Проснувшись, я долго не могу определить час.
Одно лишь я помню: что бы ни случилось, Солнце, отработав положенную часть суток на тебя, летит ко мне, а от меня полетит к тебе, мы играем в мяч (это разрешено), – на моем закате я праздную твой восход, на твоем закате пытаюсь уснуть, и, знаешь, я как-то спокойно отношусь к тому, что мне будет столько-то лет, и столько, и столько, но мне невыносимо думать, что столько же может стукнуть тебе.
Я хочу, чтобы и после моей смерти ты всегда оставался таким, каким я вижу тебя сейчас, – а если истина живет сама по себе на ледяных вершинах, не снисходя до чувства, то пусть рухнут эти вершины и небо в придачу.

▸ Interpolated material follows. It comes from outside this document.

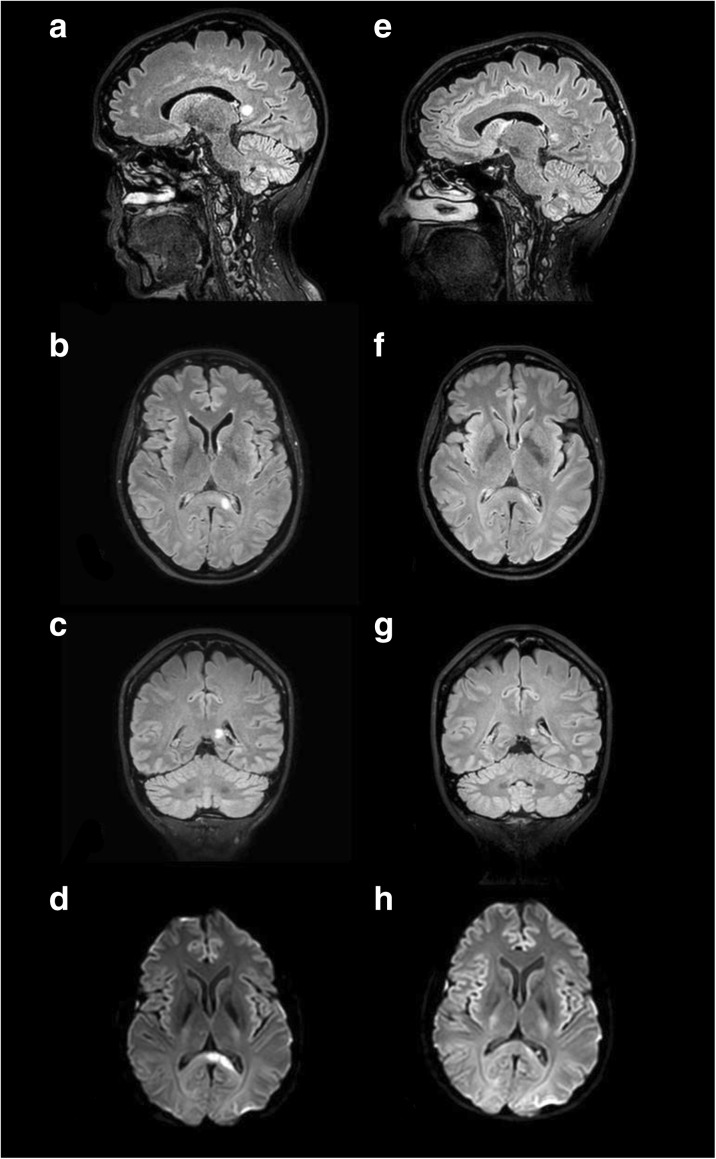 Fig. 1 (abstract P207).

Оно нелетно сейчас, это небо, по-прежнему не пускает в свою легкую твердь. Ты в нетерпении поглядываешь на табло – наше общее табло, – а я не перестаю удивляться, что мы наконец совместились в точке времени, мы уже окончательно современники, – а что до пространства (я вдыхаю сейчас воздух твоих легких, я жадно соединяю его со своей кровью), то оно в течение нескольких дней неукоснительно сокращалось, – мы отправились, как в школьной задачке, навстречу друг другу, из пункта А и пункта Б в общий пункт М с суммарной скоростью поездов, видимо, 240 км/час, причем в моем случае – задачка повышенной сложности – время вело себя милосердно лишь вначале, то есть не противоречило своей изученной природе: день и ночь – сутки прочь, прикорнешь – три часа долой, перекинешься с тобой словом – ночи как не бывало; его еще можно было без хлопот убить чаем с кроссвордом, – но, ровно за два часа до прибытия в пункт М, стрелка, обессилев, застряла.

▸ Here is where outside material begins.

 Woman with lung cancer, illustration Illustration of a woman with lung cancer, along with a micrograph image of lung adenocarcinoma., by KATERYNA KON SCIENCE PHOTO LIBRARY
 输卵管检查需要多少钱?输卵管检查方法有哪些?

Меж пунктом А и пунктом Б проходит жизнь внутри вагона, и дым выходит из трубы. А в Гаврииловой трубе басы фальшивят на полтона, кривя проекцию судьбы. Морзянку клацая стоп-краном, в такт со стаканом шестигранным, с похмелья проводник суров. И ничего нам не известно: ни час прибытия на место, ни расписанье катастроф.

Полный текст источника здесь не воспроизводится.